BEGIN GIVEN MATERIAL
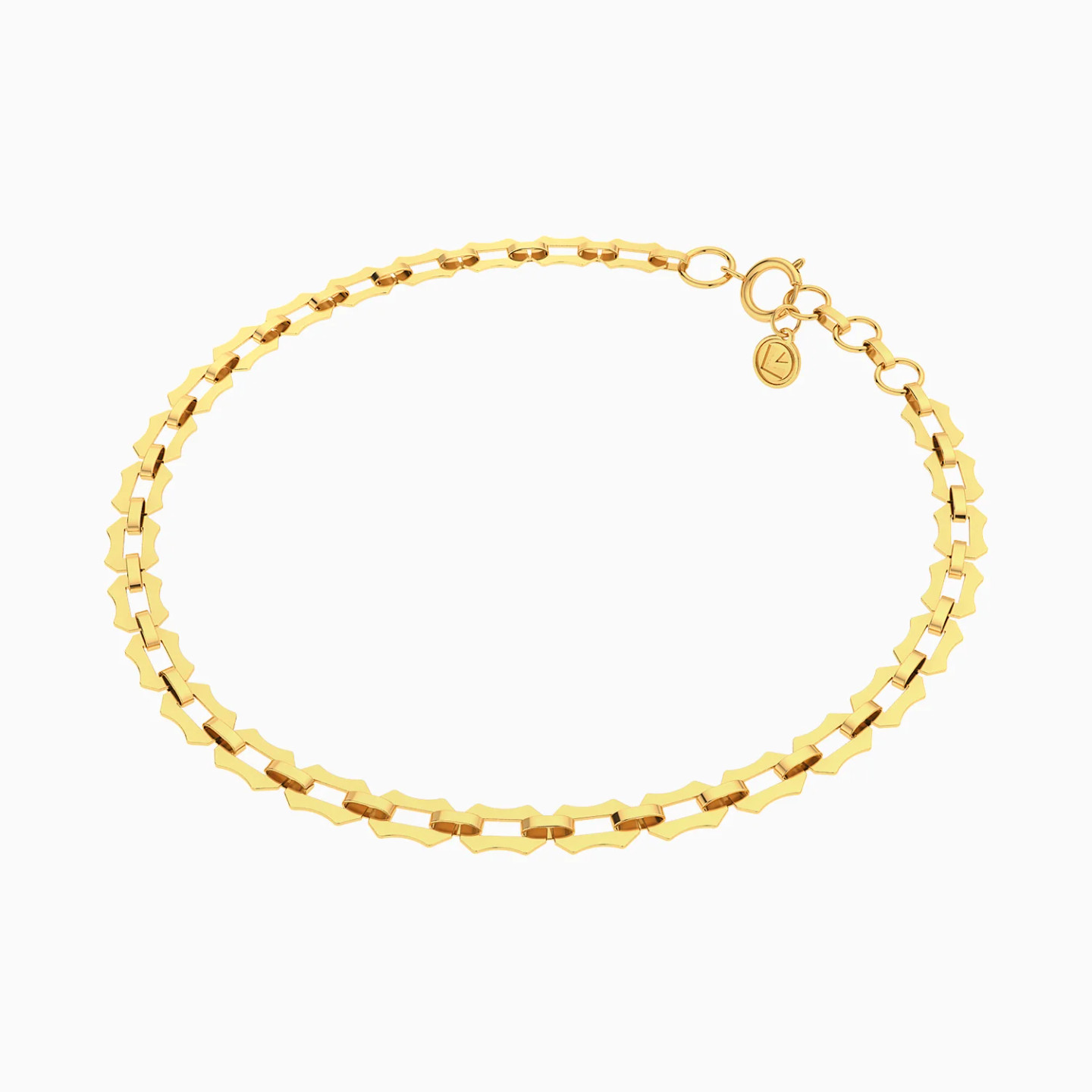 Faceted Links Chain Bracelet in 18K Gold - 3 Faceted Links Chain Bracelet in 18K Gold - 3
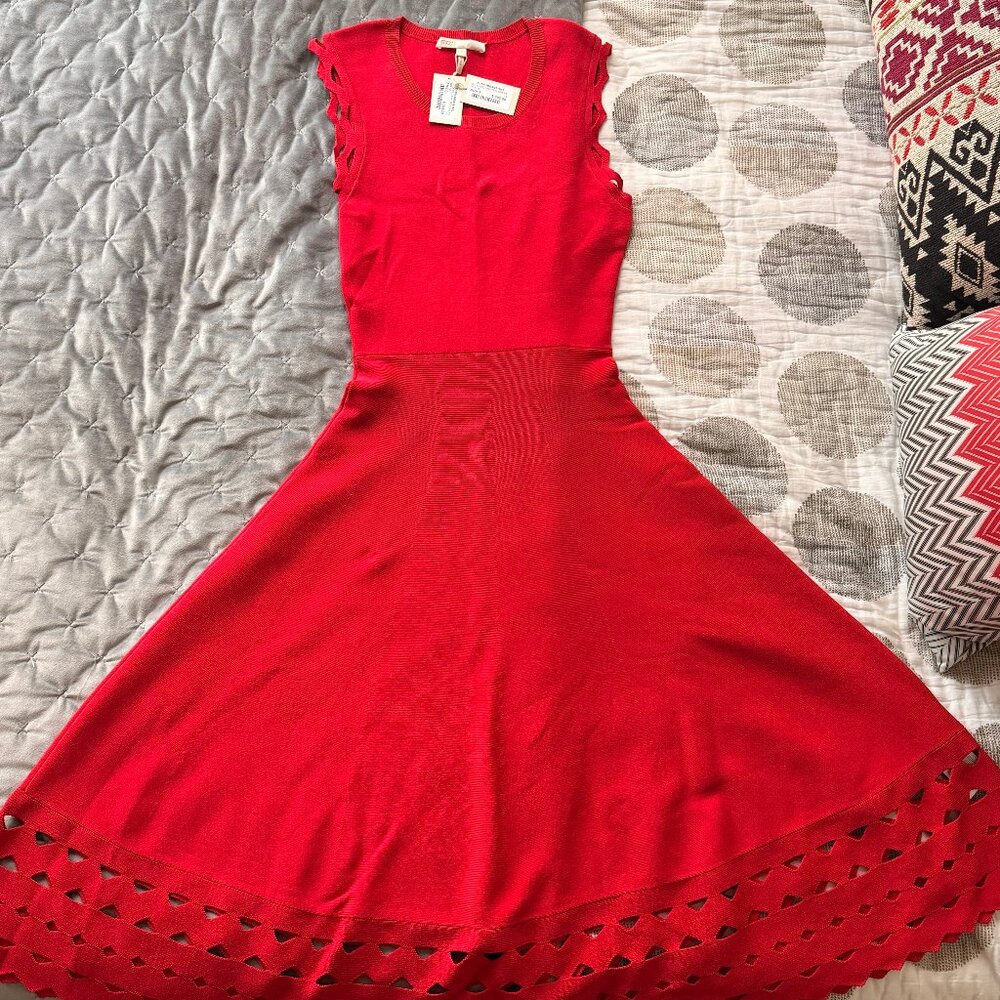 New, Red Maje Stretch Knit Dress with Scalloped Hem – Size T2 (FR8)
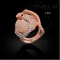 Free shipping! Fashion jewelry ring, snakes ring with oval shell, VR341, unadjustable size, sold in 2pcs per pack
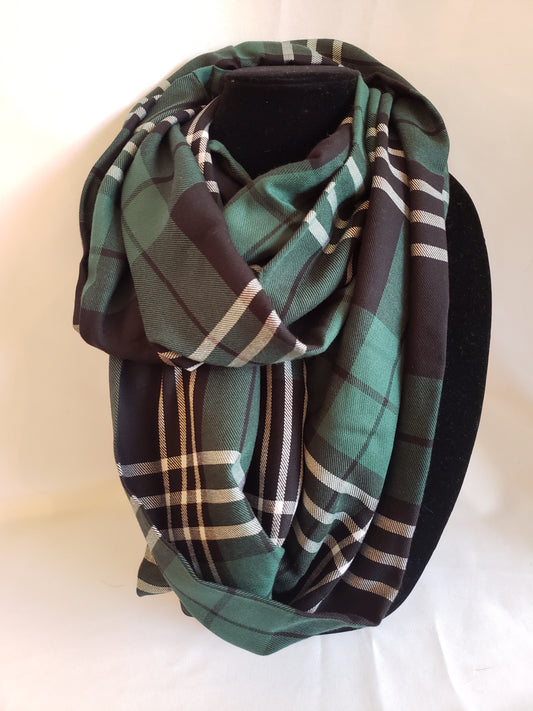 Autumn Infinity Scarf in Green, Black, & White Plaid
END GIVEN MATERIAL
## TO DO
Starting with the first line of the material above and ending with the line that holds "Free shipping! Fashion", write out those lines exactly, without pictures.

## RESULT FOR THIS EXERCISE
 Faceted Links Chain Bracelet in 18K Gold - 3 Faceted Links Chain Bracelet in 18K Gold - 3
 New, Red Maje Stretch Knit Dress with Scalloped Hem – Size T2 (FR8)
 Free shipping! Fashion jewelry ring, snakes ring with oval shell, VR341, unadjustable size, sold in 2pcs per pack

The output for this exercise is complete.